Q: Tax Playa, can I deduct money and property that I give to charities?
Matt, Coventry RI
A: In general, taxpayers can deduct money and property they give to charities. In practice, however, this deduction is not available to most taxpayers, and isn't particularly lucrative, anyway.
For more information on charitable contribution rules, consult IRS Publication 526, "Charitable Contributions."
The first, big, headline thing to tell people about charitable contributions is that they probably don't benefit from them. Unless you are one of the following taxpayers, you can stop reading unless you turn into one:
- A homeowner with at least $50,000 left on a mortgage note
- A church-attendee who tithes
The reason? 70% of taxpayers don't itemize their deductions. Instead, they take the standard deduction ($5350 for singles, $10,600 for couples in 2007). Most people start itemizing when they buy their first home, but there are some young tithers out there I've encountered. In addition, very high income taxpayers will have their itemized deductions partially phased out.
Many people also mistakenly assume that charitable contributions reduce their taxes dollar-for-dollar. Like any tax deduction, the value depends on your marginal tax rate. Most households that itemize are in a combined 30% federal-state marginal tax bracket, so that is the most they can expect to receive.
In order to take a tax deduction, your contribution must be to an approved organization. The IRS keeps a list of approved charities, and you can link to it from the general publication. That means no deductions for the homeless guy, no deductions for your favorite political cause, and no deductions for your cash-strapped brother.
Deductible charitable contributions come in two varieties: cash and non-cash. Below are the rules for each:
- Cash Charitable Contributions. These contributions can be cash, a check, credit cards, etc. They most often take the form of direct contributions to charities, or regular weekly church contributions. You can only deduct 50% of your AGI (getting a rollover for what remains). In order for a charitable contribution of cash to be deductible in 2007, one generally must receive an acknowledgement from the organization.

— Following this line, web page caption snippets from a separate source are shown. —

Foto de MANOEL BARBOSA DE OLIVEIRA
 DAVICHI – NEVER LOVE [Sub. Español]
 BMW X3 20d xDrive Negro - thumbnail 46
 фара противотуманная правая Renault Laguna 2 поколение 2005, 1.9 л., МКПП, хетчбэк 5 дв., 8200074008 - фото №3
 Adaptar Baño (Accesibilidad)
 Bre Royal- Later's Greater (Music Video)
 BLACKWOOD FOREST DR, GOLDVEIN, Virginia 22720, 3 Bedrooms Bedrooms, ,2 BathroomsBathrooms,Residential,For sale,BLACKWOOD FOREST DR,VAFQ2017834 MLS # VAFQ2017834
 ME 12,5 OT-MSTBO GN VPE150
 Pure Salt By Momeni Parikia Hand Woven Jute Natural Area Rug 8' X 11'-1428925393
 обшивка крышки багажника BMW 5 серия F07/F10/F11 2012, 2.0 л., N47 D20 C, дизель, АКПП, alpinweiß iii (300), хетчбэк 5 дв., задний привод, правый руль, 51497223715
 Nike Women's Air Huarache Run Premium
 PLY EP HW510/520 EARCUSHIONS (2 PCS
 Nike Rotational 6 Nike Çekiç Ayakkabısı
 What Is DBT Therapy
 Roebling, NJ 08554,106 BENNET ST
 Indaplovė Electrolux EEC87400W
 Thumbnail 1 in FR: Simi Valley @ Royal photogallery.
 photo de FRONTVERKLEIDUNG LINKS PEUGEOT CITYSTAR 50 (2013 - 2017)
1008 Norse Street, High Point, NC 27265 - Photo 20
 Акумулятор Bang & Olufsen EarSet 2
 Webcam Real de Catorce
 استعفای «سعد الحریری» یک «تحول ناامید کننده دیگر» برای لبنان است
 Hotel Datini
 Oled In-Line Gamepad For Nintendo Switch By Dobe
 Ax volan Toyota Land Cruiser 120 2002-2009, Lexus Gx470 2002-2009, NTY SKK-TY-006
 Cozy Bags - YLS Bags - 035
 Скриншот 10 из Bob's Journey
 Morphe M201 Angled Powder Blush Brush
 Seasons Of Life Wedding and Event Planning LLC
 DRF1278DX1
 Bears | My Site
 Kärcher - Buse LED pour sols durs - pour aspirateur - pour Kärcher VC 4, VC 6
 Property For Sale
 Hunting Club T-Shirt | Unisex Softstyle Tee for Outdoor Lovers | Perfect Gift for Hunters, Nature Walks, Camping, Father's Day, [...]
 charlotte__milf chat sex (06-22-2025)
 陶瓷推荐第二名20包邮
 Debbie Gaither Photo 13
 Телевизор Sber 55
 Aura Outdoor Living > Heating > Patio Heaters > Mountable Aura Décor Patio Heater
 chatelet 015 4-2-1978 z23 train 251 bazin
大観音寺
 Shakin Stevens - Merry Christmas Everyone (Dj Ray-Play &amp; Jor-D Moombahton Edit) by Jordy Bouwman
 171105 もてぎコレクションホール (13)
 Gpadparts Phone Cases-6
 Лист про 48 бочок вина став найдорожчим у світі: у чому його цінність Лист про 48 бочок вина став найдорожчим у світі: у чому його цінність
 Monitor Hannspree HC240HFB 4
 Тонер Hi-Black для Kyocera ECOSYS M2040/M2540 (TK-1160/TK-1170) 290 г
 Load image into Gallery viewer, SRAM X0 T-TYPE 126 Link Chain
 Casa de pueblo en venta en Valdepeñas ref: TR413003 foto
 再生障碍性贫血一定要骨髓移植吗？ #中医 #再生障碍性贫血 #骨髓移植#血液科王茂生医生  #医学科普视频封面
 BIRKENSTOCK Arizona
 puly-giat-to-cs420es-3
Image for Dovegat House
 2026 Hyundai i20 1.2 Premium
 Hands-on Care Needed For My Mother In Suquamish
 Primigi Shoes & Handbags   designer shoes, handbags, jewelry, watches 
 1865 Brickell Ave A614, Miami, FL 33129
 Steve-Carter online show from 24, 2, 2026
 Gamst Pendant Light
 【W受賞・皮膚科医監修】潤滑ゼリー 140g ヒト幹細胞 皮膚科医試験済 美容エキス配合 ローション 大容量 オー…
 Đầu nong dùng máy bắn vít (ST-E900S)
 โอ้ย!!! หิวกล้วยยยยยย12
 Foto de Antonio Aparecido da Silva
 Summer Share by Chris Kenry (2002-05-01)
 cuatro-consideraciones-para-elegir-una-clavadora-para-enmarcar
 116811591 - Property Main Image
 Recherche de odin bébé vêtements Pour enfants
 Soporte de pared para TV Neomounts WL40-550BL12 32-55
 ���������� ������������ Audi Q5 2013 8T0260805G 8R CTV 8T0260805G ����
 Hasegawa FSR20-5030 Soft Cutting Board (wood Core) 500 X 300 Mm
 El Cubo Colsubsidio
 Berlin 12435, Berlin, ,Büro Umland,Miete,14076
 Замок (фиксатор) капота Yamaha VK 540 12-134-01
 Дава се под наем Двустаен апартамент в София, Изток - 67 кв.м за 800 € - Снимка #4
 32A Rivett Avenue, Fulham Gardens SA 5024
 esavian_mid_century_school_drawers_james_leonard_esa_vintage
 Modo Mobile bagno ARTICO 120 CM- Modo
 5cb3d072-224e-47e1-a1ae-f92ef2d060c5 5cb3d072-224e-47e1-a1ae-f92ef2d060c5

- Non-cash Charitable Contributions. These generally take the form of household goods and automobiles. You can only deduct 30% of your AGI (getting a rollover for what remains). You should get an acknowledgment from the charity, have an idea of basis in the donation, and (in the case of donations over $5000 or autos), an appraisal of fair market value from the charity. Donations must be in good-used condition or better, unless they are appraised for more than $250.
In addition, taxpayers can now contribute $100,000 directly from an IRA to a charity if they are over age 59 and 1/2. These contributions count toward the IRA required minimum distribution rules.
It makes almost no sense to make regular cash contributions to a church unless you know you will be getting a receipt at the end of the year. It also makes little sense to hold onto household goods for years and years, waiting until an itemization year. Finally, older Americans who no longer itemize (or those who took an early distribution from an IRA) may want to consider making their entire charitable donations from their IRA.